Move over Madonna and other one-name celebrities. Elizabeth Jane Weston, known as Westonia, rocked the male-dominated world of Neo-Latin poetry over four hundred years ago.
At a time when many women weren’t educated, much less able to write in Latin, she faced prejudice from the powers-that-be.
Lipsius, one of The Philosophers in Rubens’ painting, dismissed her as “that English girl” and concluded that “the female sex is not to be trusted, they’re more surface than substance.”
Westonia probably wanted to respond like current rock star, Lily Allen: “You’ll find me in the studio and not in the kitchen.” Except she had to appeal to men’s sense of chivalry to succeed, and that meant playing up her qualities as a woman. She referred to herself as a “wretch” to invoke sympathy and from the men she needed to protect her.

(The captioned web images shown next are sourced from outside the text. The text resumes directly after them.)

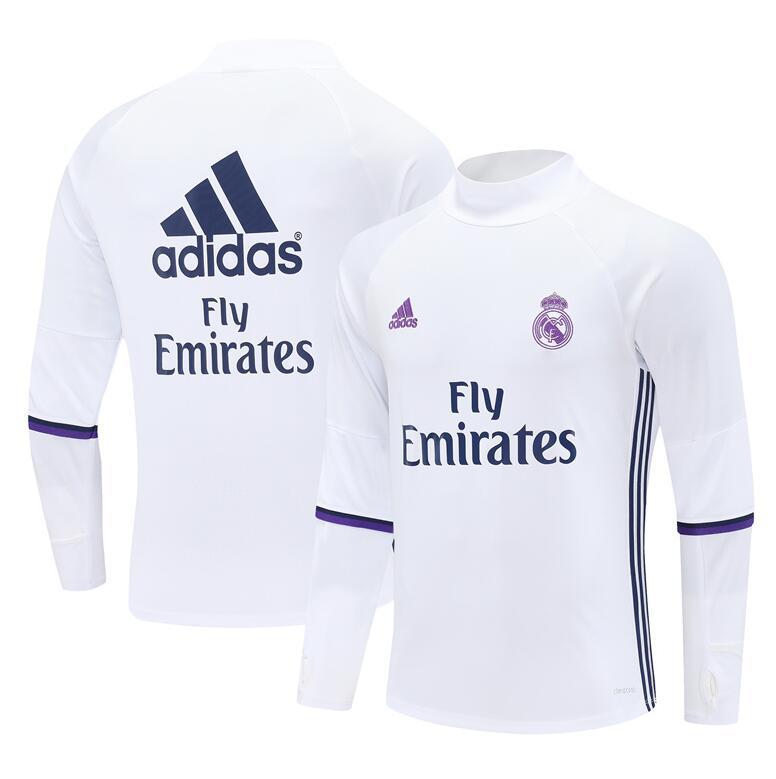 2016-2017  retro  Real Madrid  White color adult  men tracksuit  Training top best soccer jersey  Half-turtleneck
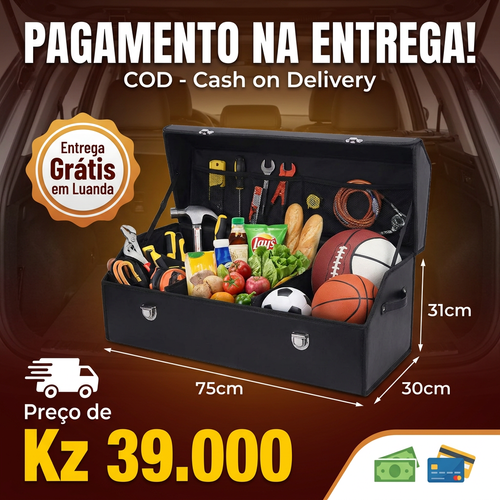 🇦🇴🔥 Luanda 🚘✨ Caixa Organizadora para Porta-Malas 💼 Grande Capacidade 📦 Dobrável e fácil guardar 💎 Couro elegante 🚘 Mantém carro sempre limpo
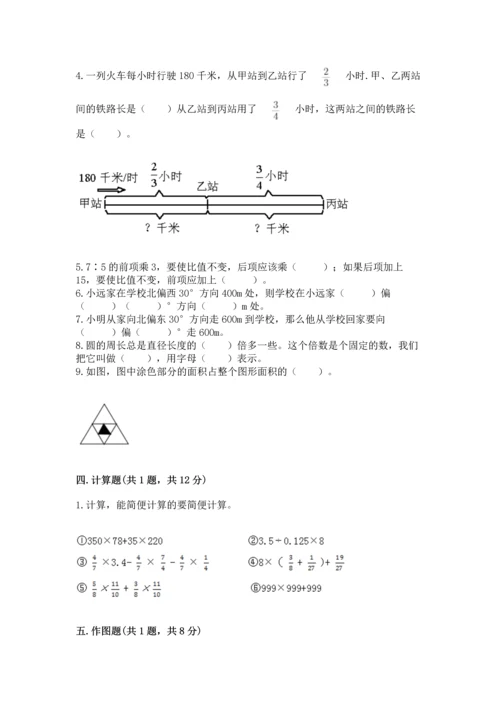 人教版六年级上册数学期末测试卷（夺分金卷）.docx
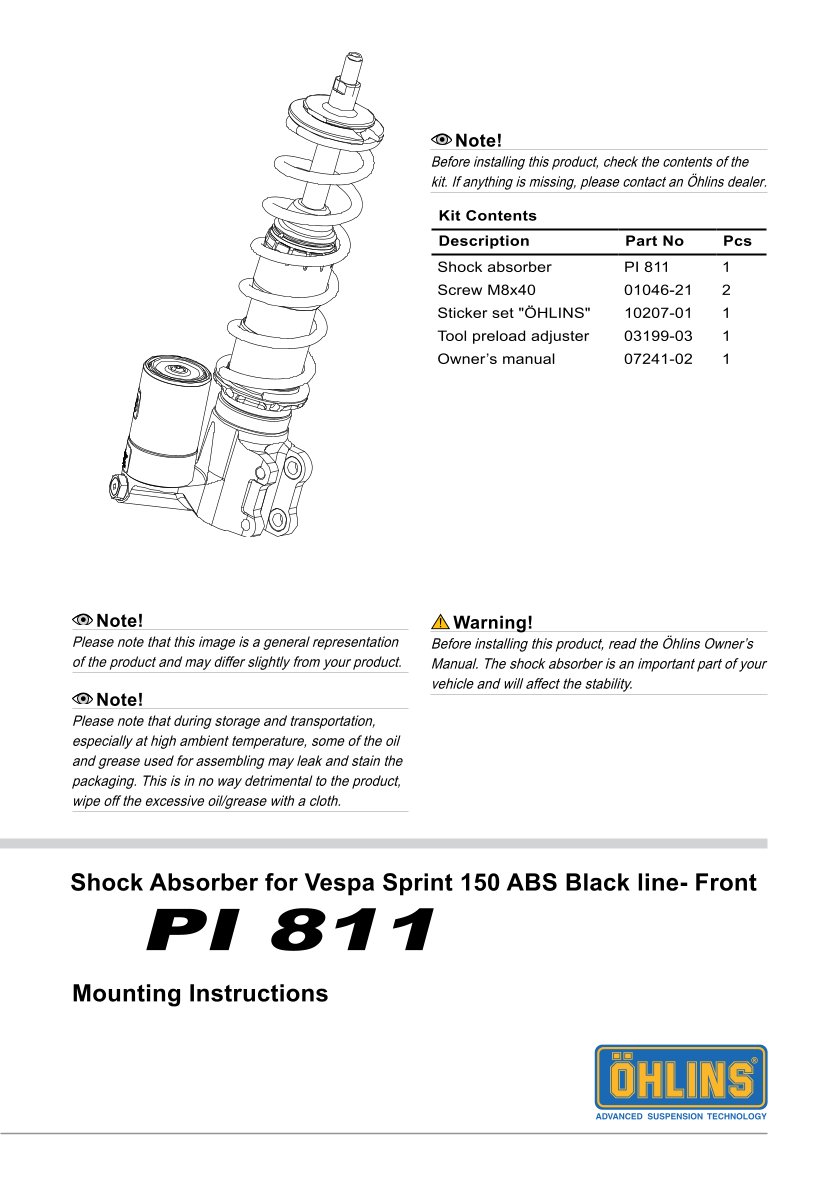 โช้คหน้า OHLINS PI811 For Vespa Sprint 150 ABS 2017-2024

Facing near financial ruin caused by her stepfather, the notorious alchemist Edward Kelley, Westonia used her gift of language to appeal to Emperor Rudolf II:
“What I beg is that you not let a wretched maiden…perish under the weight of an unfair evil.”
Eventually, the authorities recognized her as a great talent, but they made sure to emphasize her womanly virtues.
“Behold Jane…genius, piety, virtue, industry, the Muses and a virgin’s morals…” wrote Nicholas Maius.
And they expressed astonishment that such talent came from a woman.
“You are an illustrious miracle of your sex,” gushed, Matthias Zuber, crowned Poet Laurete of the day. “What did Nature deny you, learned Westonia? Nothing. Aside from your being born a woman.”
And that from her greatest fans.
To her critics who accused her of plagiarism, Westonia asked, “Why do you hack a poor girl more sharply than any sword?” Or, in other words, it’s hard out here…for a wretch.